Her insan bir engelli adayıdır. Kim garanti verebilir ki yarın başımıza hiç bir şey gelmeyeceğine? Evden çıktığımız gibi eve geri döneceğimizi? Unutmayalım; onlar bizden yardım değil, yaşamlarına saygı bekliyorlar. Yaşadığımız çevrede bir çok engelli bireyin sokağa çıkmaya çekindiğine korkmasına şahit oluyoruz. Çok da haklılar aslında. Hiç bir koşul onlara uygun değil. Engelli bireyler yokmuş gibi inşa ediliyor her taraf! Tekerlekli sandalye ile giden bir kişi kaldırıma çıkamayınca birkaç kişinin onu kaldırıp çıkarmasından mutlu olmaz, kaldırımda rampa olmasını bekler ve bu onların hakkı. Bu dünya onların da dünyası. Hem onların bizden eksik bir yanı yok. Örneğin ellerini kullanamayan fakat ayaklarıyla bir çoğumuzdan daha iyi resim çizen insanların varlığına şahit oluyoruz ya da en güncel örneğini vermek gerekirse her bir oyuncusuna dünya yıldızı muamelesi yaptığımız A Milli Futbol Takımı’mız Dünya Kupası’na gidemezken toplumun her kesimi tarafından gerektiği kadar ilgiyi göremeyen Ampute Milli Takımı Avrupa Şampiyonu oldu. Yani onlara yukardan bakma gibi bir lüksümüz yok.
Dün, bugün ve yarın… Engeller var olduğu sürece onlara yardım elimizi uzatmamız gereken her gün. Onları anlamak için gözlerimizi yarım saat boyunca kapatıp evin içinde dolaşmaya gerek yok. Aslında, engelli diye tabir edilen insan topluluğunun hayat hakkında daha umutlu sorun çözücü bir tavırla yaklaştığını görürüz. Biz onları engelli diye tabir ederiz fakat asıl engel bizlerin kafasında değil midir? Onları anlamak istiyorsak ellerinden tutmamız gerekiyor. Engelli parklarına park etmezsek, yürüme yollarını işgal etmezsek, toplu taşımada onlara yardımcı olmaya çalışırsak, elimizden geldiğince sosyal sorumluluk projelerinde yer almaya çalışırsak ve en önemlisi kendi maddi güçlerini kazanmalarını sağlayacak imkanları oluşturursak belki birileri mutlu olur ne dersiniz? Hadi engelleri kaldıralım.

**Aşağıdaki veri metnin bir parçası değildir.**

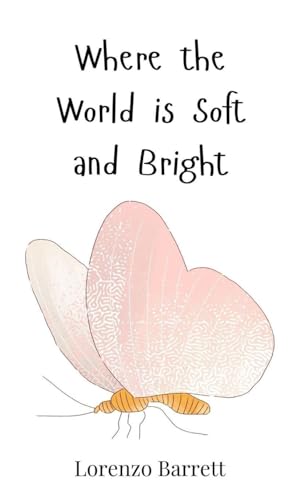 Where the World is Soft and Bright von Creative Arts Management OÜ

OKUMALI/ UZAKLARIN ŞARKISI
Papağanlar konuşur, bunu biliyoruz. Ama “haber” verirler mi? Yahut geçmişten konuşma yetenekleri var mıdır? Kars’a yolculuk, Bünyamin, Besti Nine, Eylül, günümüzün yozlaşmış ilişkileri, psikolojik arka planlar, Gülbadem, Zencefil, Hindistan, Osmanlı İstanbul’u, ezanlar, silahlar, Sunullah Efendi, Mevleviler, Galata, kıraathaneler, Fülfül, şiirler, hüzün ve tebessüm... Genç bir yazar olan Kaan Murat Yanık'ın epey olgun bir romanı Uzakların Şarkısı. “Tûtî-i mu’cize-gûyem ne desem lâf değil/ Çerh ile söyleşemem âyinesi sâf değil” diyen şairin kadim izi ile, Kars’ta kendini bulmaya çalışan Bünyamin’in gündelik yolu kesişirse ortaya ne çıkar? 'Uzakların Şarkısı' kitabı bu sorunun yanıtı olmaya talip. (Tanıtım Bülteninden)
İZLEMELİ/ AİLE ARASINDA
21 yıllık ilişkileri aynı gün noktalanan nevrotik Fikret ile müzikhol vokalisti Solmaz komik bir tesadüfle tanışır. Solmaz’ın kızı Zeynep, Adanalı sevgilisiyle evlenmeye karar verince her şeyden korkan Fikret, kendini bir anda hayatının rolünü oynarken bulur...
DİNLEMEL/ BENİ BÜYÜTEN ŞARKILAR VOL.1
İbrahim Tatlıses, Zeki Müren, Bülent Ersoy, Cem Karaca, Sabahat Akkiraz gibi sanatçıların şarkılarını Hayko Cepkin 'Beni Büyüten Şarkılar' albümünde kendine has yorumuyla seslendiriyor. 'Beni Büyüten Şarkılar Vol.1' albümü 9 cover şarkıdan oluşuyor.